Não te esqueças do que te disse. De como foi com as suas personagens e cenários que a geografia nocturna da cidade que nunca dorme começou a enraizar-se no meu imaginário. Tinha por aquela altura uns doze anos; só depois apareceu o cinema como referência de fantasias malditas. Ninguém o conhecia, lembras-te de comentar-te num táxi pela Madison? excepto guardas-nocturnos em edifícios desertos e amantes da literatura policial com a idade dos nossos pais. A pulp-fiction ainda não era culto, era apenas uma consequência do vazio do pós-guerra já algo esquecida na revolução da pós-modernidade. Anos antes de tudo isto já lhe chamavam mercenário na América; apontavam-lhe o dedo por escrever por dinheiro.
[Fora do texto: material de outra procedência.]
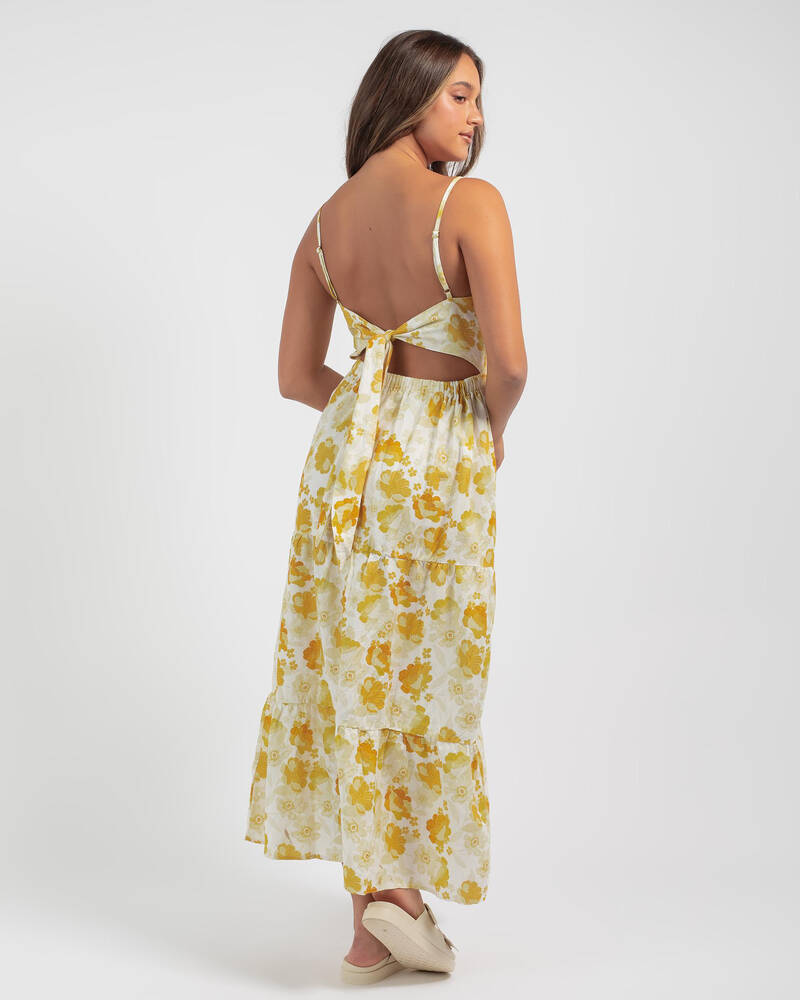 Rhythm Harmony Floral Midi Dress for Womens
Não era novidade, ele sempre o admitiu e esfregava na cara dos críticos as suas estatísticas de best-sellers suportados pelos mecânicos, operários fabris e donas-de-casa do all american dream.
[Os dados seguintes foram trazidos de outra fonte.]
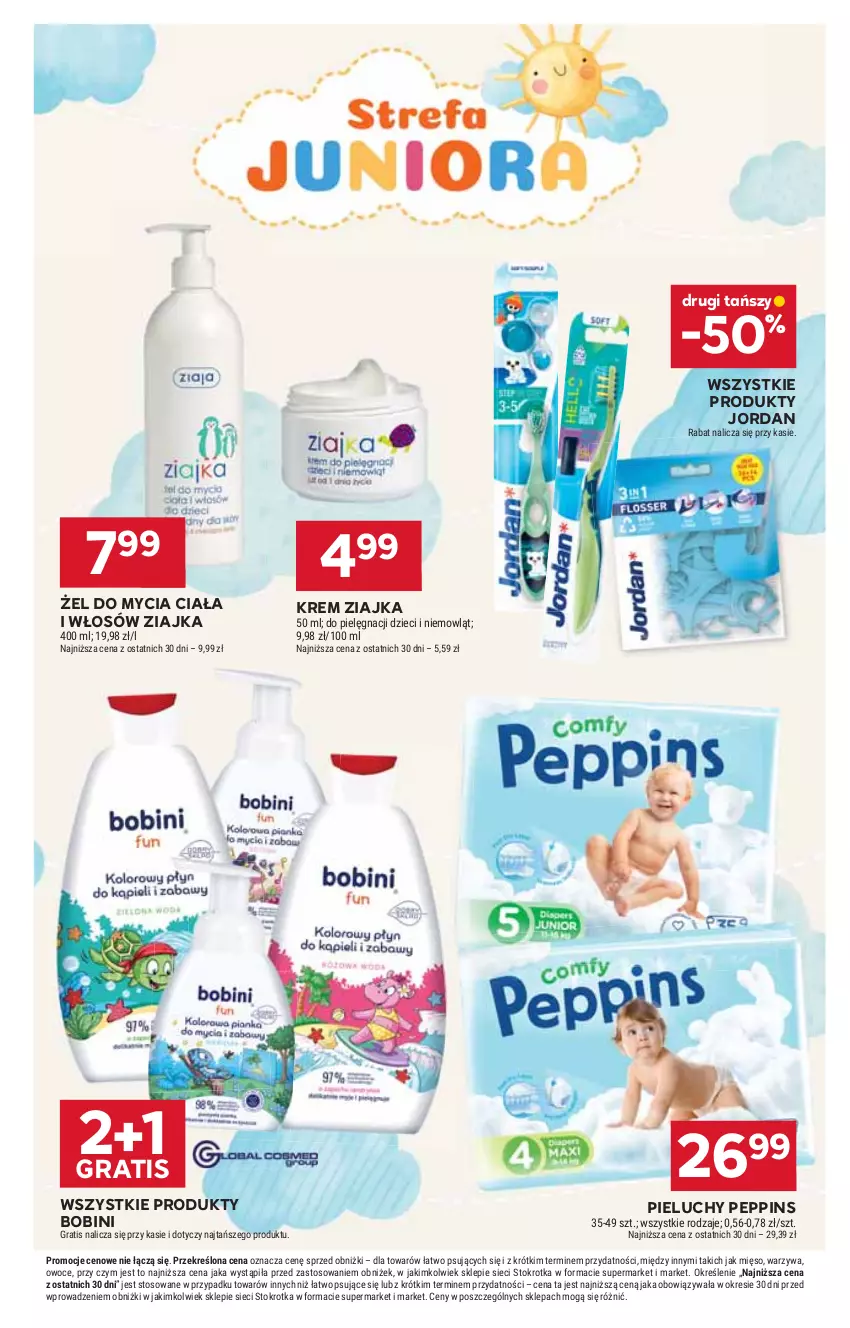 Gazetka promocyjna Stokrotka - Supermarket - ważna 18.09 do 24.09.2025 - strona 39 - produkty: Dzieci, Gra, Mięso, Owoce, Pieluchy, Warzywa, Ziajka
Foi um tipo mau, mas não tão mau como os piores dos seus livrinhos de pasta de papel; andou por um circo, foi piloto de paz em tempos de guerra, tornou-se brevemente um actor medíocre de si mesmo e bebeu mais whisky que dois homens de barba rija juntos. Às mulheres chamava dolls e à sua personagem melhor do que todas as outras chamou Tiger Mann, o amoral tigre solitário nas ruas frias e cinzentas de Nova Iorque. Foi com ele que tudo começou. Nas páginas da Colecção de Bolso da Vampiro há vinte anos atrás.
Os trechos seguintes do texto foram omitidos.